The Walter Payton Award acknowledges NFL players who excel on the field and demonstrate a passion for creating a lasting positive impact beyond the game in their communities.
"Obviously, a big part of me coming back home was kind of a full circle moment of going from a kid to a man," Mathieu said. "It's been a pleasure and a blessing, really, to kind of see my career and the route that it has gone to be able to come back home and still do all the things that I promised myself a long time ago that I'd do.
"To be honest, it feels good. I think any time I give back or spend time in the community, I don't think you're doing it for awards, applause or anything like that.
"For me, I remember back to my rookie season (in Arizona), and getting dismissed from school and having the opportunity to get drafted. I remember going in the locker room and it was guys like (receiver) Larry Fitzgerald, (defensive tackle) Calais Campbell, (cornerback) Patrick Peterson, and just trying to be a sponge and soak up as much as I can from those guys.
"So a lot of it is, you have to do the work on your own but I had a lot of good teammates that inspired me to do a lot of great things in the community. I realized I could be a good football player and still do great things in the community."
The continued service, and recognition for it, was preceded by a few hiccups. Mathieu, a Heisman Trophy finalist and Chuck Bednarik Award winner in 2011 at LSU, was dismissed from the program in 2012 and later arrested with three others for possession of marijuana.
"To be honest, I really feel like I always was a good kid," he said. "I think sometimes, you need some guidance. I think for me the turning point was, obviously, getting dismissed from school, but then getting arrested later that year.
"And then from there, I remember calling Patrick Peterson, who has always been instrumental in my life. He suggested to me that I go live with his dad for a few months in Florida. I was kind of unsure whether or not I was going to declare for the draft, I didn't really know what I was going to do.
"But I think having that time to myself to kind of reflect, and then get away, too, from a lot of things that I felt like were distracting me, that was a pivotal moment for me. To be honest, I don't think I've looked back ever since."
The beneficiaries have been the NFL teams for whom he has played – the "Honey Badger" has four interception returns for touchdowns, five forced fumbles, seven fumble recoveries, 90 passes defensed, 11 sacks, 27 quarterback hits, 44 tackles for loss and 750 tackles in his career – and the communities he has impacted along the way via his foundation.
New Orleans Saints safety Tyrann Mathieu has earned the team's nomination for 2023 NFL Walter Payton Man of the Year award for his work in the community.
The Tyrann Mathieu Foundation was established to impact the lives of financially disadvantaged children and youth through encouragement, opportunities and resources.

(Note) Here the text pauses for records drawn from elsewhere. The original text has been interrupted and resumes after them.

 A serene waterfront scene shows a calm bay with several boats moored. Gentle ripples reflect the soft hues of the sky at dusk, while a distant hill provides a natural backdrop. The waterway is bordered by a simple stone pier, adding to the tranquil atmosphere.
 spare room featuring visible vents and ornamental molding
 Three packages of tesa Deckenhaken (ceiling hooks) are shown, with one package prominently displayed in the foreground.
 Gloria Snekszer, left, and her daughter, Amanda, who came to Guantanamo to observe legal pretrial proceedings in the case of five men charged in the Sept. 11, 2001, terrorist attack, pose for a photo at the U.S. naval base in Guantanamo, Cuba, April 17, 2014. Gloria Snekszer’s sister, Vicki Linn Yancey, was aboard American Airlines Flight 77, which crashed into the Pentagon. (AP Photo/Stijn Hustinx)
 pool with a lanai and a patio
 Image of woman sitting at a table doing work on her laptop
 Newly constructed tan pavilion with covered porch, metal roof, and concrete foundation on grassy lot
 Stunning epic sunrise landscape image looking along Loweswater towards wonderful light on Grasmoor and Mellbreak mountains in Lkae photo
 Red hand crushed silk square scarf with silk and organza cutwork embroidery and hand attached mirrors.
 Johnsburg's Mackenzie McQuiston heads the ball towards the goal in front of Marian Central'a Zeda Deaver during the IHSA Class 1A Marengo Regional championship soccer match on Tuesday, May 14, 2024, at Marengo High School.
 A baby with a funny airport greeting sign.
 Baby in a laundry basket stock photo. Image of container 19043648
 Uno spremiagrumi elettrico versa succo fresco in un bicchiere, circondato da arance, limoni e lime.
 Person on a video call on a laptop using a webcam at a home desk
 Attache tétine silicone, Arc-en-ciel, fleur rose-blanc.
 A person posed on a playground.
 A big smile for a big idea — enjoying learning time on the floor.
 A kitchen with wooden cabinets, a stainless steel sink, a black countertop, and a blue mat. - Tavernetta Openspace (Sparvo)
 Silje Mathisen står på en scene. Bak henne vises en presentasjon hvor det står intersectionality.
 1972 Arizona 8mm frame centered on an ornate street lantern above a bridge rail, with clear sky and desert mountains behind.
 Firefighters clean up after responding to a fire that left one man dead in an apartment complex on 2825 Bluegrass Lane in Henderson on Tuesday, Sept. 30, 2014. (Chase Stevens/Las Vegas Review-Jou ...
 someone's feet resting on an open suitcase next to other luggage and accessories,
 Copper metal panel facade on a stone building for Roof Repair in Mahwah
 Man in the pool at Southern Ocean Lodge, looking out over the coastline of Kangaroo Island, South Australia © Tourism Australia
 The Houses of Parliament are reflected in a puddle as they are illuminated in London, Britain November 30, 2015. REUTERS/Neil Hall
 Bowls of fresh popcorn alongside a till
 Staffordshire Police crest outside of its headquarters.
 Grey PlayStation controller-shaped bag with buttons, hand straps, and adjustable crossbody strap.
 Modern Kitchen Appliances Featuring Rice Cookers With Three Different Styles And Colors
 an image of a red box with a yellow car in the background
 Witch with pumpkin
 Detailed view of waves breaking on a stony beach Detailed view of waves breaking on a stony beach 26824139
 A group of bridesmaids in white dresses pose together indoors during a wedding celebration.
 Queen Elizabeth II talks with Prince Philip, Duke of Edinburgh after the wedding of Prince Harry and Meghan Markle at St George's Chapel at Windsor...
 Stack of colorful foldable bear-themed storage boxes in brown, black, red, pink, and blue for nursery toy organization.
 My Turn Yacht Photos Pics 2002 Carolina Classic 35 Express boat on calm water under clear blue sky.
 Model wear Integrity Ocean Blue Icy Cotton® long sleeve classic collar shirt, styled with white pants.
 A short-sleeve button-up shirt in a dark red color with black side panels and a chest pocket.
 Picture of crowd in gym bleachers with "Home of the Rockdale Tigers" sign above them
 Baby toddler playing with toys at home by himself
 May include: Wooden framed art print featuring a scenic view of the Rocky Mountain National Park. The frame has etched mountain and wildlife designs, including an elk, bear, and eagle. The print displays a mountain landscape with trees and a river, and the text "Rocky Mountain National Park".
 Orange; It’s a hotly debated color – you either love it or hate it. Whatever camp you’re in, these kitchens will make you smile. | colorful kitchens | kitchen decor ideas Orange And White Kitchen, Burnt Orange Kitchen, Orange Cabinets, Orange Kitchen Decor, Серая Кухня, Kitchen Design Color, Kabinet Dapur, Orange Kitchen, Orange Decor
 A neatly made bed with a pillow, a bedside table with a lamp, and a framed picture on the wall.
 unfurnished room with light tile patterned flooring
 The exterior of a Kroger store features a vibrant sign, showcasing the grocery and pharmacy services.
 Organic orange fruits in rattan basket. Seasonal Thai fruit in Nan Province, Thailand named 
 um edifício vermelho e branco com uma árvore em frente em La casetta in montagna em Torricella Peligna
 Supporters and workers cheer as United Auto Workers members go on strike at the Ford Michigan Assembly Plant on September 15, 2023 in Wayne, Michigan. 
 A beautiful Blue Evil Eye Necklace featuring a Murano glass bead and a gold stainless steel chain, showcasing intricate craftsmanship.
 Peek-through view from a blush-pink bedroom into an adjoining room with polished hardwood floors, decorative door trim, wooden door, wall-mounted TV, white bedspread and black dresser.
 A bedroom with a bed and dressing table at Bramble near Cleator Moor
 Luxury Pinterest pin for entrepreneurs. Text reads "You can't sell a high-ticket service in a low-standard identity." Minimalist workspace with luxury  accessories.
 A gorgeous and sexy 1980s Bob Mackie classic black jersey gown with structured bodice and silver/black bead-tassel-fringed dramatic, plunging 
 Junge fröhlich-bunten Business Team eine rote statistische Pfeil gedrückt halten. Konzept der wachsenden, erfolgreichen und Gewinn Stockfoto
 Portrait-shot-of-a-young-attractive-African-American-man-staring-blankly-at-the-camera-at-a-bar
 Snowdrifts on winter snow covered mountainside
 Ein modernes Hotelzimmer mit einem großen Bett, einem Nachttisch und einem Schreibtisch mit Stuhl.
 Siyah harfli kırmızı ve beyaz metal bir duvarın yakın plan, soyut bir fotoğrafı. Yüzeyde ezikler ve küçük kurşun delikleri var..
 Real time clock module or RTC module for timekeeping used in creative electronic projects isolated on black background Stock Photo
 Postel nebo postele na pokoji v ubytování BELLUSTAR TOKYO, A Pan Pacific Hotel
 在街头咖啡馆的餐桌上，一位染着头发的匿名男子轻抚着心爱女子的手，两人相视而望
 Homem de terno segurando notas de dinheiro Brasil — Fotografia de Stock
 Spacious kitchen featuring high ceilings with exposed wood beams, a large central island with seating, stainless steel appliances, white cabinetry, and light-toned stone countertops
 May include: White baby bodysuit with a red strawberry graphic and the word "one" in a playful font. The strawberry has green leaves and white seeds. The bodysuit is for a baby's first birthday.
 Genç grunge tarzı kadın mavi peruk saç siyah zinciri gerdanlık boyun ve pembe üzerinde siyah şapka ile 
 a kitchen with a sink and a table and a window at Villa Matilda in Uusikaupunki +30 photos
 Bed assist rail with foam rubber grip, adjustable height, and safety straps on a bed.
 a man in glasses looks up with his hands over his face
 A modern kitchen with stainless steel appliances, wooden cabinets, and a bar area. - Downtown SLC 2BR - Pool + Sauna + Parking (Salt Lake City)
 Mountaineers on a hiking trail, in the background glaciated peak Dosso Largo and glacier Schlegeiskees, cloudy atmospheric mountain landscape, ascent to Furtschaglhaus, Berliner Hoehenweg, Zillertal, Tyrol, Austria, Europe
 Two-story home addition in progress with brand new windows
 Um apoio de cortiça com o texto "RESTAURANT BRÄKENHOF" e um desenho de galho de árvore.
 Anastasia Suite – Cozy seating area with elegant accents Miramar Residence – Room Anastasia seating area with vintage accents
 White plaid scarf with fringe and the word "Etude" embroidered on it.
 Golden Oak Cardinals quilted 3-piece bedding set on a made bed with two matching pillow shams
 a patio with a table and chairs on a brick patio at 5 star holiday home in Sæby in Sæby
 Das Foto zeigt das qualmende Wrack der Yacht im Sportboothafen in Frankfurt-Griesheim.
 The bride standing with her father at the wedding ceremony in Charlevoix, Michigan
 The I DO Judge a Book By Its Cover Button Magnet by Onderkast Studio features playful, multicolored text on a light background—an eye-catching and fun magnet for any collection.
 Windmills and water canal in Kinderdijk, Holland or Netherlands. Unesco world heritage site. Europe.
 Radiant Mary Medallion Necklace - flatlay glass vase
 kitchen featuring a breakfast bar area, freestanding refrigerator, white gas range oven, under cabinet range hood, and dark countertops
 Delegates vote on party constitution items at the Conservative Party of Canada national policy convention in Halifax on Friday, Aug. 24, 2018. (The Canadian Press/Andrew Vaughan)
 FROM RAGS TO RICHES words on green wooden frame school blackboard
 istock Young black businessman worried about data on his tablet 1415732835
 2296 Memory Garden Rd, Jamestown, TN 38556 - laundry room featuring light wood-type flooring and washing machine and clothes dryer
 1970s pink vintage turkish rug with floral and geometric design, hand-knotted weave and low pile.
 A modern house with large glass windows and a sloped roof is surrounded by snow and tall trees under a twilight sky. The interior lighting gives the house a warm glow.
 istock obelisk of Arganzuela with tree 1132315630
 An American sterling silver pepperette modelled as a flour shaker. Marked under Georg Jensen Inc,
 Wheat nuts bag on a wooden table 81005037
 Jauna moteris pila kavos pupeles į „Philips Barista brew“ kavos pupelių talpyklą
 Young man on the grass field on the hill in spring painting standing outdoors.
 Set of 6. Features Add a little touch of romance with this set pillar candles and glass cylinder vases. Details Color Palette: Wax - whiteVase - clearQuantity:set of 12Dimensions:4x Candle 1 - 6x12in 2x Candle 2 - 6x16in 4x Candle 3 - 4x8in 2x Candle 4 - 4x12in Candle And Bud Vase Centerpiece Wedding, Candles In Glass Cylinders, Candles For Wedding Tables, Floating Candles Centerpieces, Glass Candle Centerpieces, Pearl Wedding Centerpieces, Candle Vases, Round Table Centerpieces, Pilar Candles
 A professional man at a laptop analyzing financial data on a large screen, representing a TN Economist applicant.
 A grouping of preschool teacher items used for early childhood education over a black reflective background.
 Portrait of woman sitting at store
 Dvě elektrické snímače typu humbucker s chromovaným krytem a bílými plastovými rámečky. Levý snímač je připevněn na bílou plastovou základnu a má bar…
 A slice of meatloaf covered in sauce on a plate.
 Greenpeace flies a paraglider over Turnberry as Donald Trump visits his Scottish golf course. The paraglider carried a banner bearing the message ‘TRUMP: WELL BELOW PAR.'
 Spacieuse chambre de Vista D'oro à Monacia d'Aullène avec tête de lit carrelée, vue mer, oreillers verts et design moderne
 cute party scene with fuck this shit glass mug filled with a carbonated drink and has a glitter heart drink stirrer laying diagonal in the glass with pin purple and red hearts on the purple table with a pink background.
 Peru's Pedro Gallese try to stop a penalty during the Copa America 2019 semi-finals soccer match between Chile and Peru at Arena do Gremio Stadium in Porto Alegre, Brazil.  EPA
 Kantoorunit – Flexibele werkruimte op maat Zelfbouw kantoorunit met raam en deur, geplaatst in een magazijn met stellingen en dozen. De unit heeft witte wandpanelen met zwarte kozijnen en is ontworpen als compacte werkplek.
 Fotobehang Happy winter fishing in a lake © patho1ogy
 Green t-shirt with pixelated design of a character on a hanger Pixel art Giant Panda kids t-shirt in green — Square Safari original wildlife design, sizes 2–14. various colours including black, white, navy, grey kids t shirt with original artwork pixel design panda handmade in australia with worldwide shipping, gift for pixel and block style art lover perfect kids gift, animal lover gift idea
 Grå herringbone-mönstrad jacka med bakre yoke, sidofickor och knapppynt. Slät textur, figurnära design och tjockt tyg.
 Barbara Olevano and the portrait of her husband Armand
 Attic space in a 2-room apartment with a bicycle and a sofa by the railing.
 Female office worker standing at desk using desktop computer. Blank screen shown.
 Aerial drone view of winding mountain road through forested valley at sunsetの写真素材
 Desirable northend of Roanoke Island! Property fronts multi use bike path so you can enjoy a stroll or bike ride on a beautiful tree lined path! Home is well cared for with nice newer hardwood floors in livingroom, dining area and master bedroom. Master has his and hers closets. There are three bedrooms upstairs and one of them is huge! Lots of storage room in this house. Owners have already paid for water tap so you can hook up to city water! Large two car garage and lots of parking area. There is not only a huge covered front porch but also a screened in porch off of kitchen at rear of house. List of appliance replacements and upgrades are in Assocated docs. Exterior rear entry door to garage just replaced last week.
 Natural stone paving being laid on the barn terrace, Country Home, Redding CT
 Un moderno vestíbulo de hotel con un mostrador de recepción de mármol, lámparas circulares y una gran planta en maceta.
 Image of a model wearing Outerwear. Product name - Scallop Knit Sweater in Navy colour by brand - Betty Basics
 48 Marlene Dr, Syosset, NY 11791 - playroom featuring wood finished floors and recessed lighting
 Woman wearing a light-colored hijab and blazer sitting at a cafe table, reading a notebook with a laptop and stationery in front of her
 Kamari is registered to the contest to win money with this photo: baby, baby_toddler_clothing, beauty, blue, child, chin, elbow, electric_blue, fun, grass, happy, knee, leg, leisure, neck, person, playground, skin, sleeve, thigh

"We do a lot of different things," he said. "One of the things I'm most proud of, that really hits close to home, is my partnership with Son of a Saint (in New Orleans). I feel like I can relate to those kids a lot. A lot of those kids really are in need of mentors, role models, father figures.
"And for me it was kind of the same. Growing up, father was incarcerated, raised with my uncle and my aunt, a lot of ball coaches and teachers that I had that helped me out along the way. That's been real fun to be able to work with them closely the last couple of seasons.
"This past summer, I had a jamboree day for the kids in the park. You play football, face painting and whatnot. And one of the kids actually told me, 'This is the first time I've ever done something like this.' I think about the times I was a kid, didn't really have a lot of those opportunities to go to the park or meet somebody that I idolized. So that was a real cool moment for me."
Better, still, would be winning his second Super Bowl – he won Super Bowl LIV with the Chiefs – and the Walter Payton Award.
"It would mean a lot to me," he said. "I think all of our goals as football players is to win a Super Bowl. I have to say, if I'm able to (win the Payton Award), that would probably be right up there with it.
"It's just a commitment that I've made to myself and to a lot of the communities that I've played in, just trying to be more than a football player, trying my best to inspire the next group of guys."